Aspek ketiga adalah nyaman secara psikologis. Keadaan lain yang dipandang mempengaruhi kualitas tidur adalah kenyamanan secara psikologis.

Boleh jadi seseorang dalam keadaan menghadapi beragam masalah, namun yang terpenting adalah bagaimana ia menanggapi masalah tersebut.

Bila seseorang tetap optimis dalam memandang berbagai macam masalah, yakin akan adanya jalan keluar, maka ia dapat menjalani tidurnya dengan baik.

Sebaliknya, kalau seseorang dibebani oleh berbagai macam hal menjelang tidurnya, misalnya dipenuhi ketakutan, maka tidurnya kemungkinan lebih mudah terganggu (Nashori, 2002).

Aspek keempat adalah badan dalam keadaan rileks (tidak aktivitas tidur yang berat) menjelang tidur.

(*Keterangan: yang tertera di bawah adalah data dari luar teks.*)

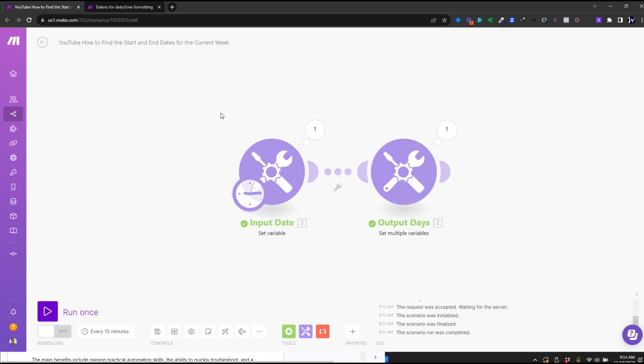Hey there, my name is Andy O'Neill, and in this co-build tip video, I'm going to show you how to find the start and end dates for a week, given any date of that week.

Secara fisik, aktivitas yang dianjurkan adalah tidak melakukan aktivitas
fisik yang berat sesaat menjelang tidur.

Dikatakan oleh Maas (2002) bahwa menjelang tidur seseorang sebaiknya tidak melakukan aktivitas olahraga. Aktivitas olahraga yang terlalu dekat dengan waktu tidur akan menghadirkan pengaruh berupa terganggunya tidur seseorang.

Yang dianjurkan adalah di sore hari, beberapa jam sebelum tidur, seseorang berolahraga. Ototnya telah memperoleh kesempatan untuk relaksasi, sehingga saat tidur seseorang dapat menjalaninya secara pulas.